The book arrived last Thursday and I started to read it immediately. What I can say is:
- I haven't used functional programming in the last 10 years, since my graduation when I had a class about it in 1997. I almost forgot how fun it is to use it! I'm eager to skip to later chapters were it talks about relation programming, but I don't dare to do it... I'm really enjoying remembering all the stuff I learned in the past, plus learning new things I didn't know were possible.
- The book is written in a singular way, I haven't seen before. The whole book is a sequence of small questions, like small exercises, where the left column contains the question with eventual examples and the right column contains the answer. Each question intents to explain a new concept or improve the understanding of the previous concept/question. It means the book is slower to read, because it is dense! There is a lot of information to learn in each page and it makes you think while reading... it is not a mechanical reading process, it is almost an interactive learning. Very cool!

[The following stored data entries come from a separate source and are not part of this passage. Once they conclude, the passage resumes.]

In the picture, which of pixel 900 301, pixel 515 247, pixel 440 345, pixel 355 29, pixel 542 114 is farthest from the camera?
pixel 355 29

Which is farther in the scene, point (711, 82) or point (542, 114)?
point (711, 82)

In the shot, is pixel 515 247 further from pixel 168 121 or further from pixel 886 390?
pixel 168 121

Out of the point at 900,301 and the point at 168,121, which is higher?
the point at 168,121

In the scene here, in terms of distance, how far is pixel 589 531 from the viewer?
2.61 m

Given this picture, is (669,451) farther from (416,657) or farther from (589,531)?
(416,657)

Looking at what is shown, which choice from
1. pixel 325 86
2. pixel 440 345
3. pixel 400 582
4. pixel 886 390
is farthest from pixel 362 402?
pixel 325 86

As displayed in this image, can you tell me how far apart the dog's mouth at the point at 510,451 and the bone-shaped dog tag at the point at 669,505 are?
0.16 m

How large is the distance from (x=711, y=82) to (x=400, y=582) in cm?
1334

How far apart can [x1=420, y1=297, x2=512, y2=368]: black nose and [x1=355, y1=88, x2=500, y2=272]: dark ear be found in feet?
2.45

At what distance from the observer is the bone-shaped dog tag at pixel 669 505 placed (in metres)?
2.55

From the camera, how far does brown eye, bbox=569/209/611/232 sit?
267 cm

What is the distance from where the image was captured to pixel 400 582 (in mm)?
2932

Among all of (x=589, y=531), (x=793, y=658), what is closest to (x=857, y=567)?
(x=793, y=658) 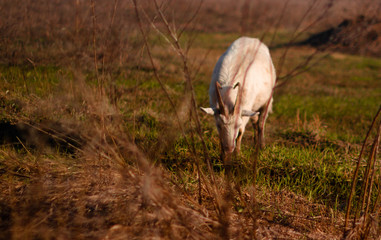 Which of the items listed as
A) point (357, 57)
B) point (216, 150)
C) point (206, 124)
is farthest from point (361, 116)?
point (357, 57)

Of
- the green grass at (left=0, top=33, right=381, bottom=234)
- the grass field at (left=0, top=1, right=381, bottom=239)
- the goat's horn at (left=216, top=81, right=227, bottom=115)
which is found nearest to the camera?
the grass field at (left=0, top=1, right=381, bottom=239)

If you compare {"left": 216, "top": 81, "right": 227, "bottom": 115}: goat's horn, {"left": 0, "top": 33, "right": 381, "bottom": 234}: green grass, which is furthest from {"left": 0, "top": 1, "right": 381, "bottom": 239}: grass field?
{"left": 216, "top": 81, "right": 227, "bottom": 115}: goat's horn

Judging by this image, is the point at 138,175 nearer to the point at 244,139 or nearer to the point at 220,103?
the point at 220,103

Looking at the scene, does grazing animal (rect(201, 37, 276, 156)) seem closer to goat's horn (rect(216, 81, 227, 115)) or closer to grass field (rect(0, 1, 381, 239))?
goat's horn (rect(216, 81, 227, 115))

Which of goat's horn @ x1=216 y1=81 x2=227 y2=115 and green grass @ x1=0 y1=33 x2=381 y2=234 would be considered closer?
green grass @ x1=0 y1=33 x2=381 y2=234

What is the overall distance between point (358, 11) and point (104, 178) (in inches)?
81.0

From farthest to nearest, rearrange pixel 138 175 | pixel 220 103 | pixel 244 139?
pixel 244 139
pixel 220 103
pixel 138 175

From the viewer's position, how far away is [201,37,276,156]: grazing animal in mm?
3105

- The concepts of functional programming I am re-learning (or remembering) are making me think about some cool things it would be nice to have in Drools. Real unification is probably the top one, but I know the interest is more academical than corporate. Look at the following example (consider it pseudo syntax) from the book. It is a really really simple example in functional programming, but shows a simple trick you can do with unification. Imagine it leveraged for real inference problems.
Bold letters are constants and italic letters are variables. What is the value of l, after running it? If you said
(run* (l)
(fresh (d x y w s)
(cons w (a n s) s)
(cdr l s)
(car l x)
(== b x)
(cdr l d)
(car d y)
(== e y)
)
)
( b e a n s )
You got it. If I were to chose a single line of the above example to show something most programming languages do not allow, but it is common for functional programming languages is: (cdr l s). It is the same as saying to the computer: X + 3 = 5 and having the computer tell you back that X is 2, without having to code any imperative procedure to solve the equation. Simple, but powerful.

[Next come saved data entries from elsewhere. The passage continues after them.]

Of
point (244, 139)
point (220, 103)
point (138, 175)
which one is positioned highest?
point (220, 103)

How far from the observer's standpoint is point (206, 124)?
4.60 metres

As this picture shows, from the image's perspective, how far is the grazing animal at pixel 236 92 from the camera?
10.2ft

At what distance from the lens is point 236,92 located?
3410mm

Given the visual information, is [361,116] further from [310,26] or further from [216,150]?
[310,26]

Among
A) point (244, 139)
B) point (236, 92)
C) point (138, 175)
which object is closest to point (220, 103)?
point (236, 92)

Thank you Johan for pointing that out. Thank you to the authors for the fun time reading it. I guess I must buy the previous book now.
1 comment:
The Reasoned Schemer is a real good book but, as you say, it's dense. I haven't made it through the whole thing yet. I'm also having some trouble with the style it's written in. It's probably because I try to skip parts when I *think* that I already know a particular concept or construct.
Real unification is probably the top one, but I know the interest is more academical than corporate.
I don't know. There's quite a lot of places where unification and other logic programming tricks are very useful. Scheduling comes to mind, also, check out some commercial Prolog-engines and their customer lists. Those are some real world problems and not constrained to university labs.